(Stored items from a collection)
================================

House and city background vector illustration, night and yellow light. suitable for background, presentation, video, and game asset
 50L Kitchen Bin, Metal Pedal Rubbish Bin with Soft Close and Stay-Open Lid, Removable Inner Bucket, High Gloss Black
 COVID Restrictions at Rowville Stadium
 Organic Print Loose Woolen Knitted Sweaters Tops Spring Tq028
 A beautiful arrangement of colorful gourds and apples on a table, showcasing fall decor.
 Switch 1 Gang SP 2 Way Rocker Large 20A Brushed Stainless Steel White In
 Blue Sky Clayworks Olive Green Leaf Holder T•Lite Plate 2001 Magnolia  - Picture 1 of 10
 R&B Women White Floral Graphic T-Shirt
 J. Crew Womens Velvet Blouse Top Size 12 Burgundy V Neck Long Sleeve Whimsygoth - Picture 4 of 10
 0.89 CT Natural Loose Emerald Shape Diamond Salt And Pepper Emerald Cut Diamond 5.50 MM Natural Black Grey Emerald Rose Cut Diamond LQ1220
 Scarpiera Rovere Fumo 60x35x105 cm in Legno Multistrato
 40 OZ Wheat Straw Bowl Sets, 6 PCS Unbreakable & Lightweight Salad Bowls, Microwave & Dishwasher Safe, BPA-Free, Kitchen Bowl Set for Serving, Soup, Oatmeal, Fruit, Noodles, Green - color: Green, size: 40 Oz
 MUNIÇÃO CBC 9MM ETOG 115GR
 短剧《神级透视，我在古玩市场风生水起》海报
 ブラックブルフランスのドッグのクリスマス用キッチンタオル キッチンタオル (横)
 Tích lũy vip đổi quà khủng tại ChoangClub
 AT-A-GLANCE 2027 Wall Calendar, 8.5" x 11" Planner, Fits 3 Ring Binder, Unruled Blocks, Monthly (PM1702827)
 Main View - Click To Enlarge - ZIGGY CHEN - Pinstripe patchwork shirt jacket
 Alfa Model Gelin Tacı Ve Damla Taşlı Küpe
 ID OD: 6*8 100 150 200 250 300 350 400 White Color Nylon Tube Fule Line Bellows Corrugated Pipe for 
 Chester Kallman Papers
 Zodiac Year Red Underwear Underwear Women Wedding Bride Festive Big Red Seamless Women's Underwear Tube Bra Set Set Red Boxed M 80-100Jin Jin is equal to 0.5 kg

================================

Write out each line of the data above again, exactly as given.

House and city background vector illustration, night and yellow light. suitable for background, presentation, video, and game asset
 50L Kitchen Bin, Metal Pedal Rubbish Bin with Soft Close and Stay-Open Lid, Removable Inner Bucket, High Gloss Black
 COVID Restrictions at Rowville Stadium
 Organic Print Loose Woolen Knitted Sweaters Tops Spring Tq028
 A beautiful arrangement of colorful gourds and apples on a table, showcasing fall decor.
 Switch 1 Gang SP 2 Way Rocker Large 20A Brushed Stainless Steel White In
 Blue Sky Clayworks Olive Green Leaf Holder T•Lite Plate 2001 Magnolia  - Picture 1 of 10
 R&B Women White Floral Graphic T-Shirt
 J. Crew Womens Velvet Blouse Top Size 12 Burgundy V Neck Long Sleeve Whimsygoth - Picture 4 of 10
 0.89 CT Natural Loose Emerald Shape Diamond Salt And Pepper Emerald Cut Diamond 5.50 MM Natural Black Grey Emerald Rose Cut Diamond LQ1220
 Scarpiera Rovere Fumo 60x35x105 cm in Legno Multistrato
 40 OZ Wheat Straw Bowl Sets, 6 PCS Unbreakable & Lightweight Salad Bowls, Microwave & Dishwasher Safe, BPA-Free, Kitchen Bowl Set for Serving, Soup, Oatmeal, Fruit, Noodles, Green - color: Green, size: 40 Oz
 MUNIÇÃO CBC 9MM ETOG 115GR
 短剧《神级透视，我在古玩市场风生水起》海报
 ブラックブルフランスのドッグのクリスマス用キッチンタオル キッチンタオル (横)
 Tích lũy vip đổi quà khủng tại ChoangClub
 AT-A-GLANCE 2027 Wall Calendar, 8.5" x 11" Planner, Fits 3 Ring Binder, Unruled Blocks, Monthly (PM1702827)
 Main View - Click To Enlarge - ZIGGY CHEN - Pinstripe patchwork shirt jacket
 Alfa Model Gelin Tacı Ve Damla Taşlı Küpe
 ID OD: 6*8 100 150 200 250 300 350 400 White Color Nylon Tube Fule Line Bellows Corrugated Pipe for 
 Chester Kallman Papers
 Zodiac Year Red Underwear Underwear Women Wedding Bride Festive Big Red Seamless Women's Underwear Tube Bra Set Set Red Boxed M 80-100Jin Jin is equal to 0.5 kg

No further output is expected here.